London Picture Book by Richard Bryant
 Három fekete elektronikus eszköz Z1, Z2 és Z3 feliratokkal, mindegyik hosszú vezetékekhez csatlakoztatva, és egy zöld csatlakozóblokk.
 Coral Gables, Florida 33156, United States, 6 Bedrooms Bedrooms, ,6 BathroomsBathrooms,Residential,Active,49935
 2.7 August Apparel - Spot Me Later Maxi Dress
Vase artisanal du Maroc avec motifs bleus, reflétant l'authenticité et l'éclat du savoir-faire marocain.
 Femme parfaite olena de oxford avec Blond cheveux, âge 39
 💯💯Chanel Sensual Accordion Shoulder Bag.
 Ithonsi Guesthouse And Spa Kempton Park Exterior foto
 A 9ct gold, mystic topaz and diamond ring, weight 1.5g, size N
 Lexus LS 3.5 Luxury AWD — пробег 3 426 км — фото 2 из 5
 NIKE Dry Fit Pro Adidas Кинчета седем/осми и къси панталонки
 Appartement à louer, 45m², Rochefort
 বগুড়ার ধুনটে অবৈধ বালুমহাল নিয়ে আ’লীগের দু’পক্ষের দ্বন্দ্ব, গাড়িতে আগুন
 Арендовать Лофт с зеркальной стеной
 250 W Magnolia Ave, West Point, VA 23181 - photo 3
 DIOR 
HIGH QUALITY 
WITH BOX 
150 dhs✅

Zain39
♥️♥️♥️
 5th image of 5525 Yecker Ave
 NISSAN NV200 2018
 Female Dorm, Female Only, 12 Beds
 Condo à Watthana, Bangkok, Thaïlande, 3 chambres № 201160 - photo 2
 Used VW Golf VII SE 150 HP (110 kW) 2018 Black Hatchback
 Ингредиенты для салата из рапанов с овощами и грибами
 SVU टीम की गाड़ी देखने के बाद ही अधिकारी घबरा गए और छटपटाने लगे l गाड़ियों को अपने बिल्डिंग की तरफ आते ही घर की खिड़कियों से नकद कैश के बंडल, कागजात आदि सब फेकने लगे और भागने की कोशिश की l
+++++
§ Problem description
Beginning at the line with "HIGH QUALITY" and ending at the line with "Ингредиенты для салата", reproduce each line of the data above exactly, and add no other lines.

§ Answer for this exercise
HIGH QUALITY 
WITH BOX 
150 dhs✅

Zain39
♥️♥️♥️
 5th image of 5525 Yecker Ave
 NISSAN NV200 2018
 Female Dorm, Female Only, 12 Beds
 Condo à Watthana, Bangkok, Thaïlande, 3 chambres № 201160 - photo 2
 Used VW Golf VII SE 150 HP (110 kW) 2018 Black Hatchback
 Ингредиенты для салата из рапанов с овощами и грибами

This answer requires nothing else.